Bhumika Chawla (born Rachna Chawla; 21 August 1978) is an Indian actress known for her work predominantly in Telugu, Tamil, Malayalam and Hindi films. She began her acting career with the Telugu film Yuvakudu (2000) and then seen in Kushi for which she won Filmfare Award for Best Actress - Telugu.
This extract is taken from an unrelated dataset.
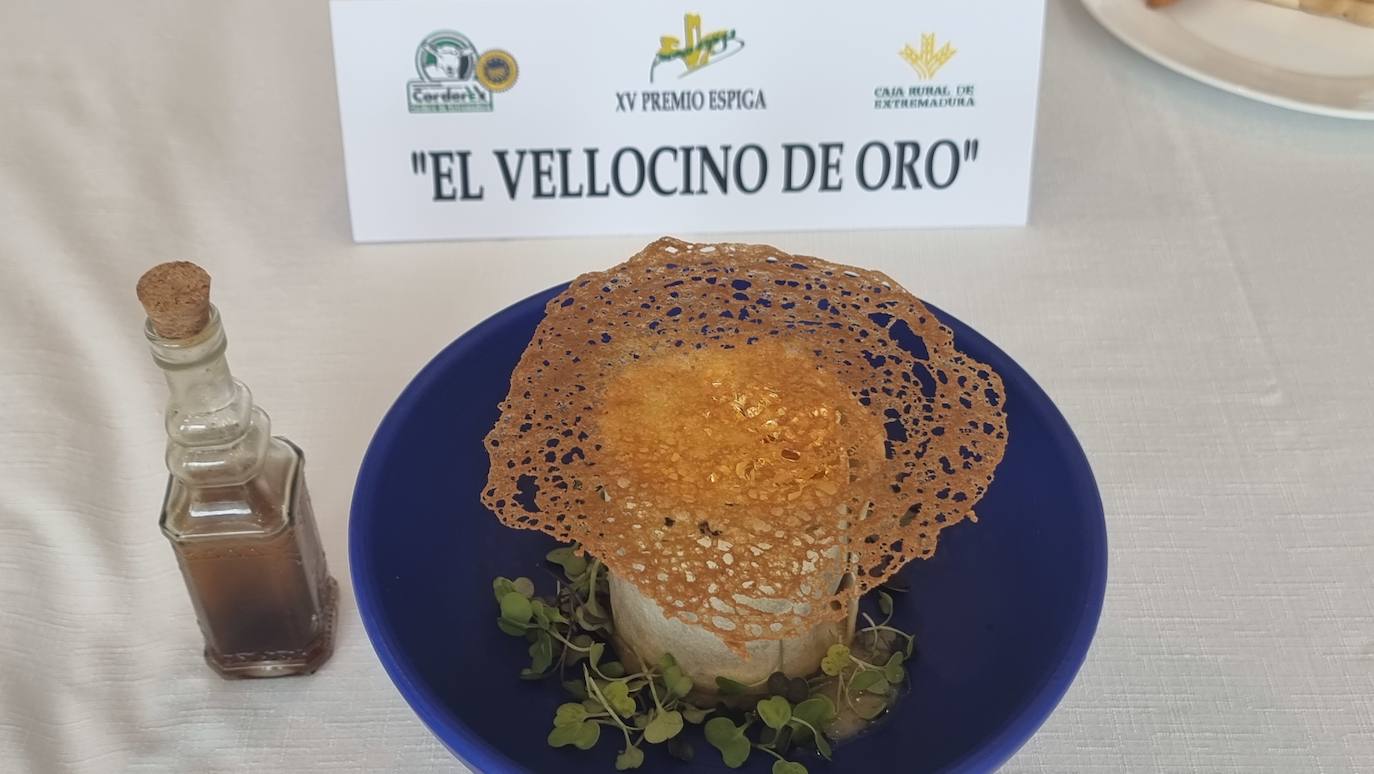 Antonio Falcón con el primer premio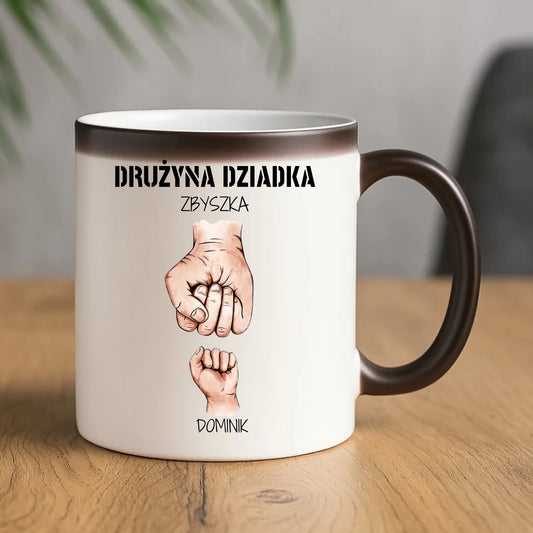 Kubek magiczny dla dziadka - Drużyna dziadka 1-6 imion wnuków - personalizowany D07 - StoryCups.pl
Chawla is the recipient of one Filmfare Awards South, and SIIMA Award.

She made her debut in Hindi Cinema with the romantic tragedy film Tere Naam (2003) which was huge critical and commercial success and earned her Zee Cine Award Best Female Debut. Chawla then subsequently appeared in several successful films including Dil Ne Jise Apna Kahaa (2004), Anasuya (2007) and Middle Class Abbayi (2017).

Early life
Chawla was born 21 August 1978 in a Punjabi family in New Delhi, India and completed her schooling there. Her father is a retired Army officer. Bhumika has two siblings, an elder brother and sister.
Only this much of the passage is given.